A World Without Work?

A World Without Work?

Contemporary automation discourse responds to a real, global trend: there are too few jobs for too many people. But it ignores the actual sources of this trend: deindustrialization, depressed investment, and ultra-wealthy elites who stand in the way of a post-scarcity society.

(John Michael Snowden)

The internet, smartphones, and social media have transformed the way we interact with each other and the world around us. What would happen if these digital technologies moved off the screen and further integrated themselves into the physical world?

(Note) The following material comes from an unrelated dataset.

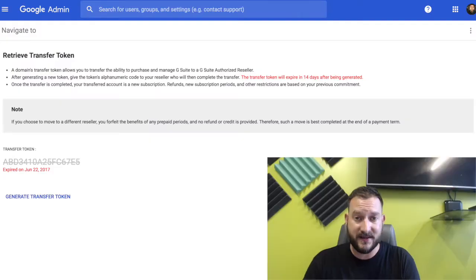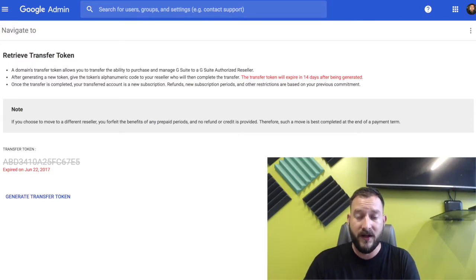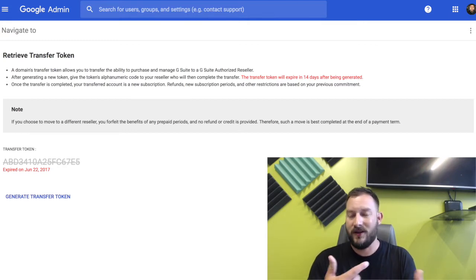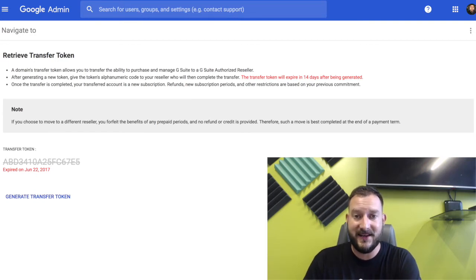Once there, it may ask you to log in. You're going to log in with your Google credentials and then you're going to see this screen, which should generate a code for you. In my case, I generated the code before and it's already expired, so all I've got to do is hit 'Generate a new token,' in case you see that on your end as well.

Advanced industrial robotics, self-driving cars and trucks, and intelligent cancer-screening machines presage a world of ease, but they also make us uneasy. After all, what would human beings do in a largely automated future? Would we be able to adapt our institutions to realize the dream of human freedom that a new age of intelligent machines might make possible? Or would that dream turn out to be a nightmare?

The new automation discourse asks just these sorts of questions and arrives at a provocative conclusion: mass technological unemployment is coming, and it must be managed by the provision of universal basic income, since large sections of the population will lose access to the wages they need to live. Do the automation theorists have this story right?

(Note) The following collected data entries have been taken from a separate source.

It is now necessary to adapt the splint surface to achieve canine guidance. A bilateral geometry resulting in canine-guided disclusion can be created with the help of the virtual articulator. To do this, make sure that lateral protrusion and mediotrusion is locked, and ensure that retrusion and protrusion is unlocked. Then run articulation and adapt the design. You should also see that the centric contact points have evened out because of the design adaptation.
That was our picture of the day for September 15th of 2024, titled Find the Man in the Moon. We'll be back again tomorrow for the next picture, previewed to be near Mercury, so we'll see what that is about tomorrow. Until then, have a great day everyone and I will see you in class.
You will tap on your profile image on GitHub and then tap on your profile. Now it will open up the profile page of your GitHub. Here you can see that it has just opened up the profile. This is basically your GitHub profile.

The resurgence of automation discourse today responds to a real, global trend: there are too few jobs for too many people. Chronic labor underdemand manifests itself in economic developments such as jobless recoveries, stagnant wages, and rampant job insecurity. It is also visible in the political phenomena that rising inequality catalyzes: populism, plutocracy, and the emergence of a sea-steading digital elite—more focused on escaping in rockets to Mars than on improving the lives of the digital peasantry who will be left behind on a burning planet.

Pointing with one hand to the homeless and jobless masses of Oakland, California, and with the other to the robots staffing the Tesla production plant just a few miles away in Fremont, it is easy to believe that the automation theorists must be right. However, the explanation they offer—that runaway technological change is destroying jobs—is simply false.


The Demand for Labor Is Permanently Depressed

There is a persistent underdemand for labor in the United States and European Union, and even more so in countries such as South Africa, India, and Brazil, yet its cause is almost the opposite of the one identified by the automation theorists. In reality, rates of labor-productivity growth are slowing down, not speeding up. This phenomenon should have increased the demand for labor, except that the productivity slowdown was overshadowed by another trend: in a development analyzed by Marxist economist Robert Brenner under the title of the “long downturn”—and belatedly recognized by mainstream economists as “secular stagnation”—economies have been growing at a progressively slower pace since the early 1970s.

The cause? Decades of global industrial overcapacity killed the manufacturing growth engine, and no alternative to it has been found, least of all in the slow-growing, low-productivity activities that make up the bulk of the service sector. As economic growth decelerates, rates of job creation slow. Slowing growth, not technology-induced job destruction, has depressed the global demand for labor.

If we widen our view from the automation theorists’ focus on shiny new automated factories and ping-pong-playing consumer robots, we can see a world of crumbling infrastructure, deindustrialized cities, harried nurses, and underpaid salespeople, as well as a massive stock of financialized capital with dwindling places to invest itself profitably.

In an effort to revive increasingly stagnant economies, governments have spent almost half a century imposing punishing austerity on their populations, underfunding schools, hospitals, public transportation networks, and welfare programs. At the same time, governments, businesses, and households took on record quantities of debt, encouraged by ultra-low interest rates.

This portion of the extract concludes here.